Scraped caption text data
--------------------

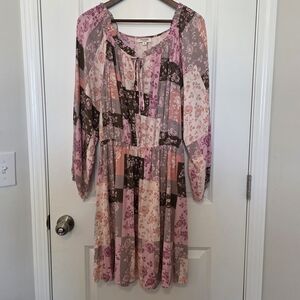 ANDREE BY UNIT Pink and Brown Long Sleeve Dress
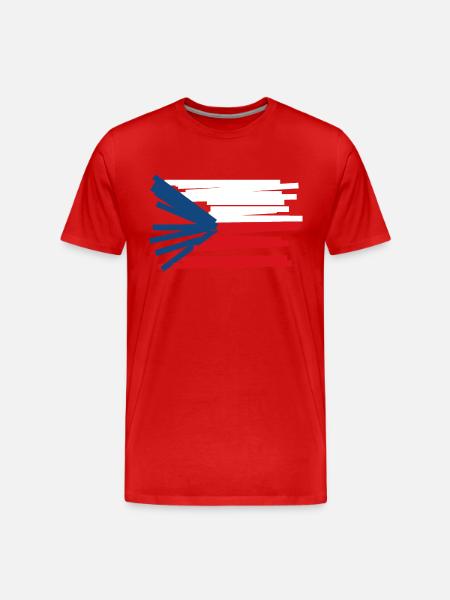 Czech Republic Flag - Modern Art - Men's Premium Organic T-Shirt - red
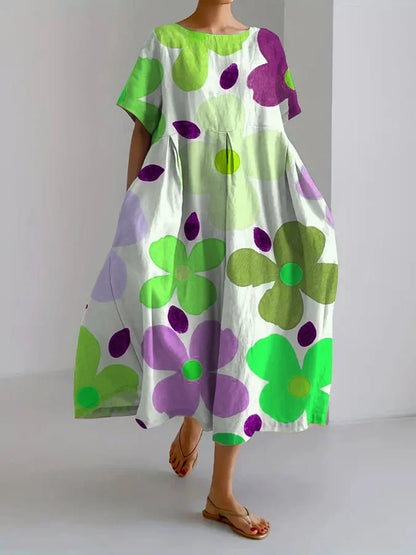 Vestido Floral de Verano Blanco Lino con Manga de Volante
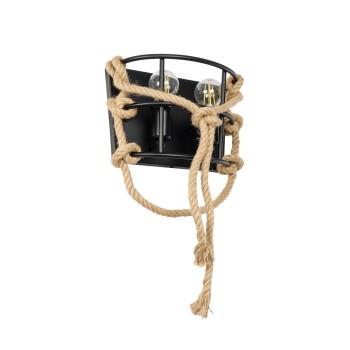 GLOBOSTAR® BARBOSA 01083 Vintage Φωτιστικό Τοίχου - Απλίκα με Ντουί 2 x E27 AC 220-240V IP20 - Μαύρο & Μπεζ - Μ30 x Π16 x Υ20cm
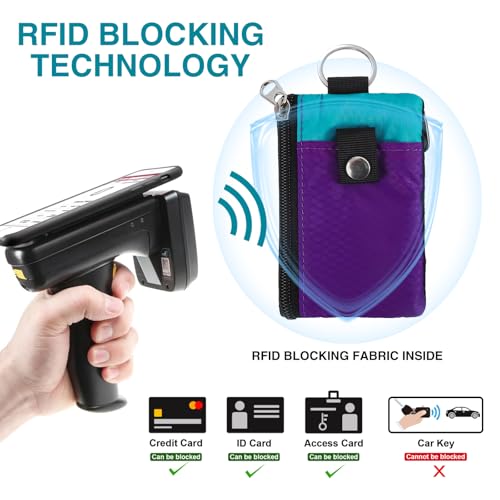 masaphll small lanyard wallet for womenmen with rfid blocking id pouch minimalist travel neck wallet with keychain id window for cardcoincash violetturquoise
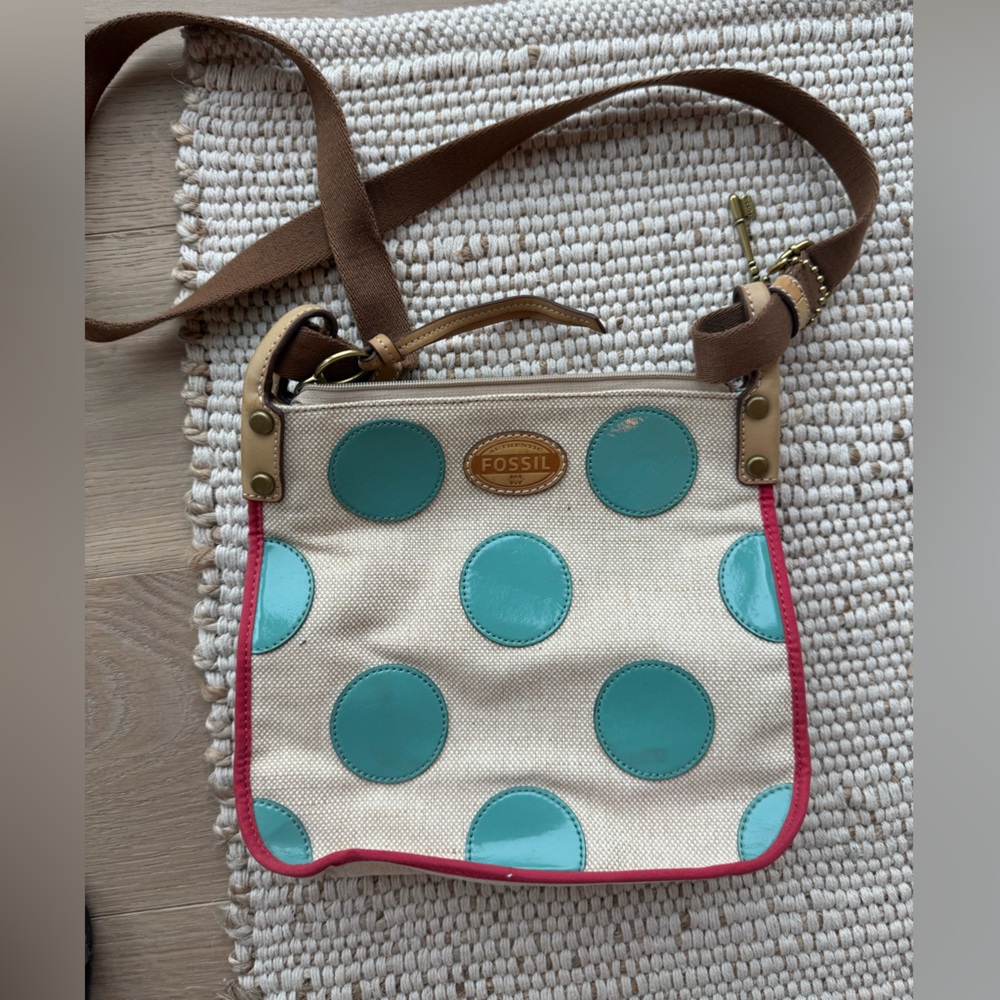 Fossil Cream and Blue Polka Dot Crossbody Bag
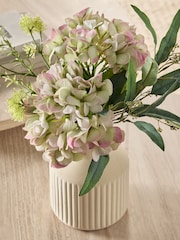 Green Artificial Hydrangea Arrangement In Ribbed Pot - Image 2 of 4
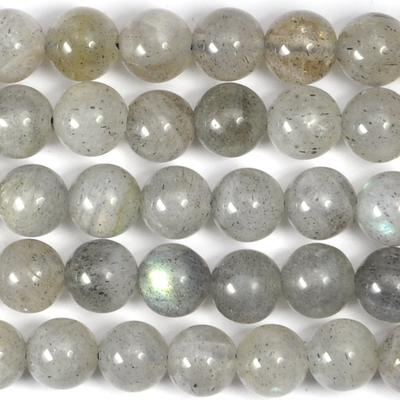 6mm Labradorite Round Beads - Grey - 8-inch String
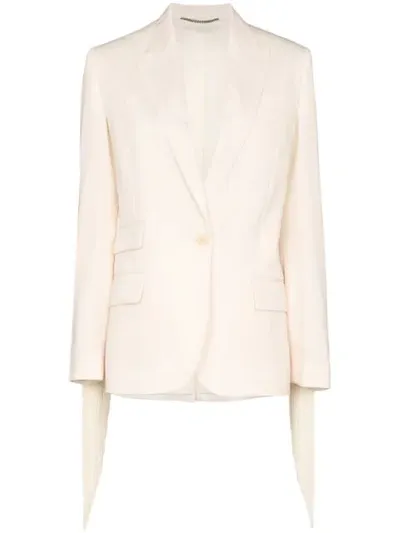 Stella Mccartney Fringe-trimmed Blazer In White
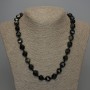 Sun Obsidian Natural Stone Necklace with Faceted Beads, 12×11 mm diameter, 50 cm long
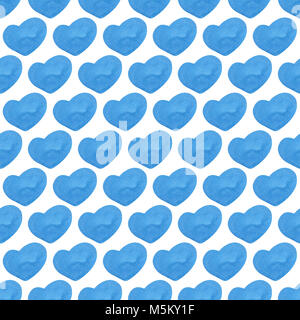 Dipinto a mano acquerello cuori. Modello senza giunture. Foto Stock
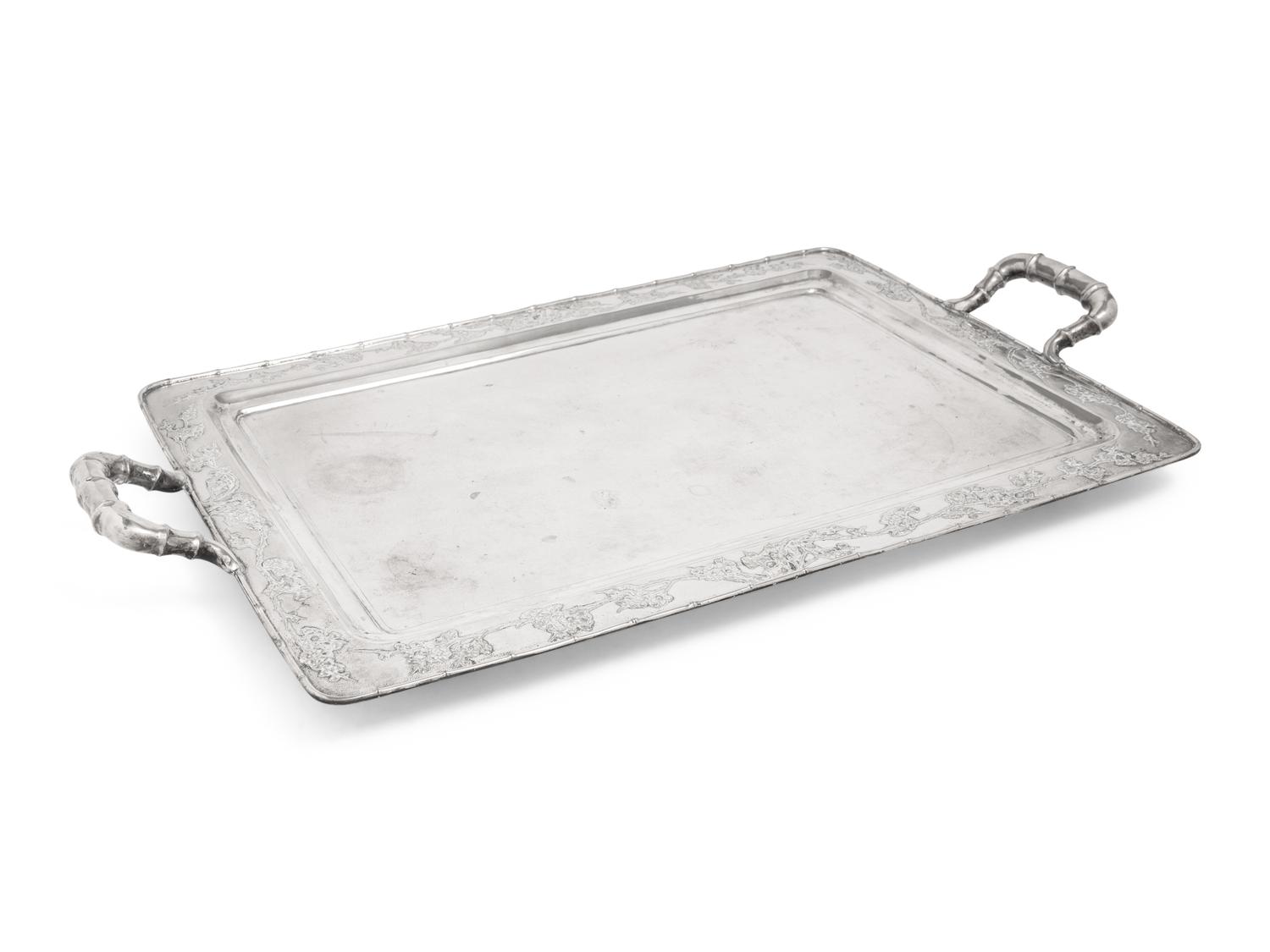 A Chinese Export Silver Serving Tray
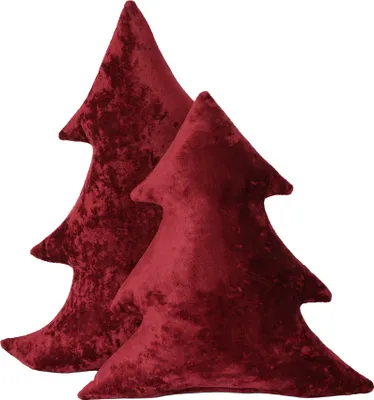 Produktbild von Set dekorativer lockiger Samtkissen in Form eines Weihnachtsbaums, kirschrot, Größe M + L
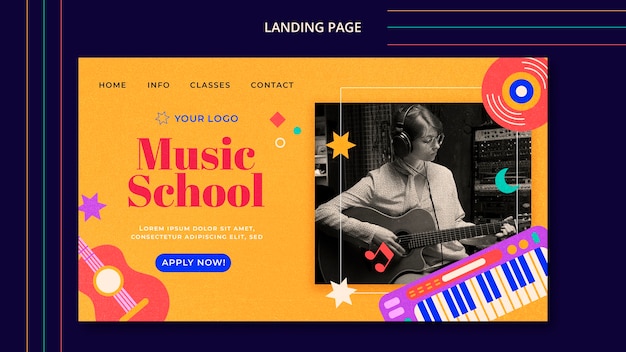 Gratis PSD platte ontwerp muzieksjabloon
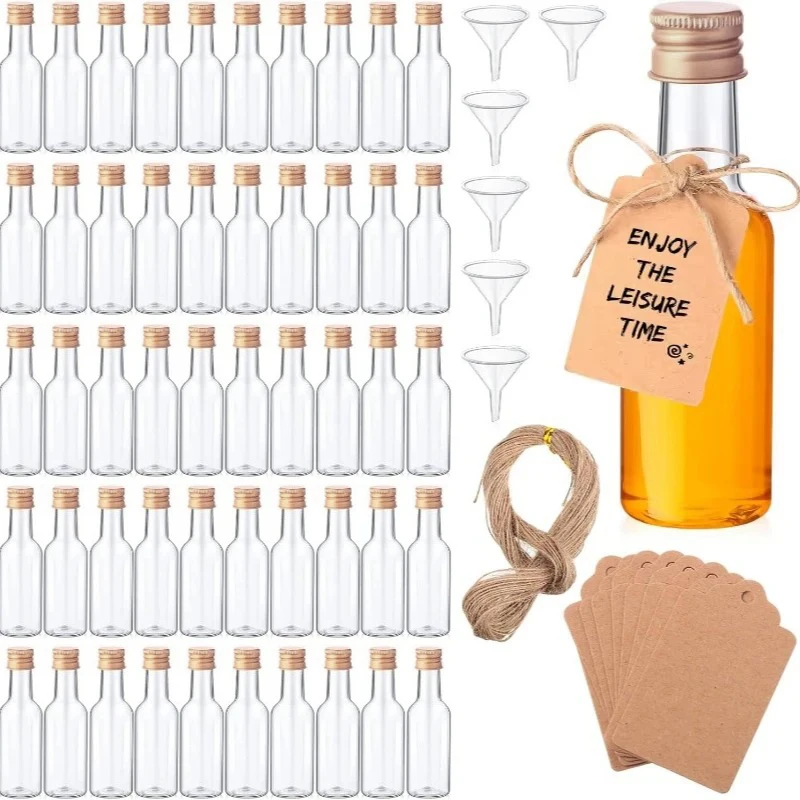 10/30/50/100 sztuk Mini plastikowa butelka na wino garnitur 1,7 Oz przenośna przezroczysta butelka na sok butelka na płatki zbożowe świąteczne przyjęcie dekoracyjna butelka
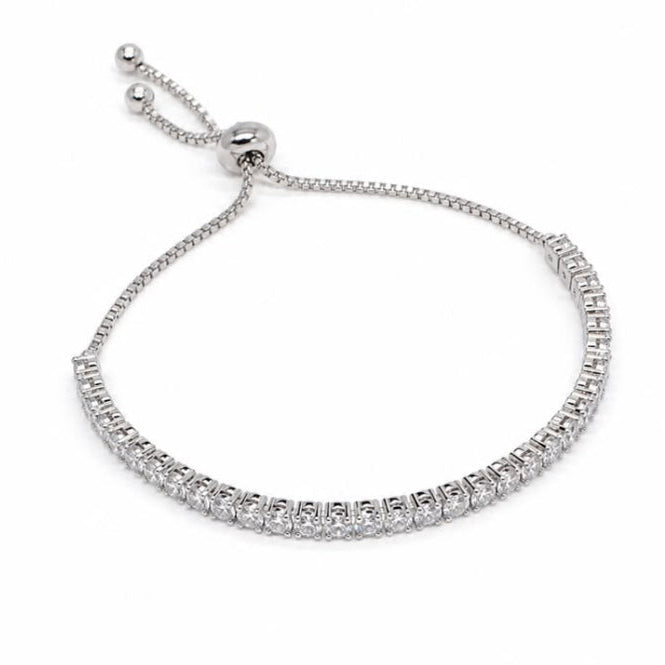 Silver-Tone Round Cubic Zirconia Adjustable Bolo Tennis Bracelet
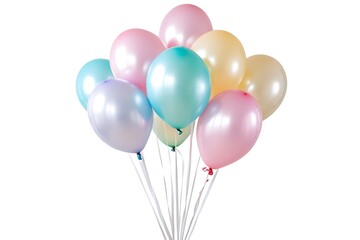 Pastel Balloon Bouquet, Isolated on White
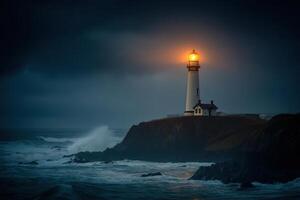 A lighthouse is lit up on a stormy night photo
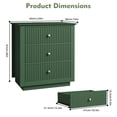 thumbnail image 6 of Modern Nightstand with Charging Station & 3 Drawers, 24 Inch Wide Bedside Table Set of 2 for Bedroom and Living Room, Large Storage End Table with Fluted Design, Green, 6 of 13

--------------------

» **Your instructions**: Start at the top of the entries and repeat each line exactly, ending at the line that contains "10/30/50/100 sztuk Mini". Pictures are not part of the copy.

» **Response below**:
 ANDREE BY UNIT Pink and Brown Long Sleeve Dress
 Czech Republic Flag - Modern Art - Men's Premium Organic T-Shirt - red
 Vestido Floral de Verano Blanco Lino con Manga de Volante
 GLOBOSTAR® BARBOSA 01083 Vintage Φωτιστικό Τοίχου - Απλίκα με Ντουί 2 x E27 AC 220-240V IP20 - Μαύρο & Μπεζ - Μ30 x Π16 x Υ20cm
 masaphll small lanyard wallet for womenmen with rfid blocking id pouch minimalist travel neck wallet with keychain id window for cardcoincash violetturquoise
 Fossil Cream and Blue Polka Dot Crossbody Bag
 Green Artificial Hydrangea Arrangement In Ribbed Pot - Image 2 of 4
 6mm Labradorite Round Beads - Grey - 8-inch String
 Stella Mccartney Fringe-trimmed Blazer In White
 Sun Obsidian Natural Stone Necklace with Faceted Beads, 12×11 mm diameter, 50 cm long
 Dipinto a mano acquerello cuori. Modello senza giunture. Foto Stock
 A Chinese Export Silver Serving Tray
 Produktbild von Set dekorativer lockiger Samtkissen in Form eines Weihnachtsbaums, kirschrot, Größe M + L
 Gratis PSD platte ontwerp muzieksjabloon
 10/30/50/100 sztuk Mini plastikowa butelka na wino garnitur 1,7 Oz przenośna przezroczysta butelka na sok butelka na płatki zbożowe świąteczne przyjęcie dekoracyjna butelka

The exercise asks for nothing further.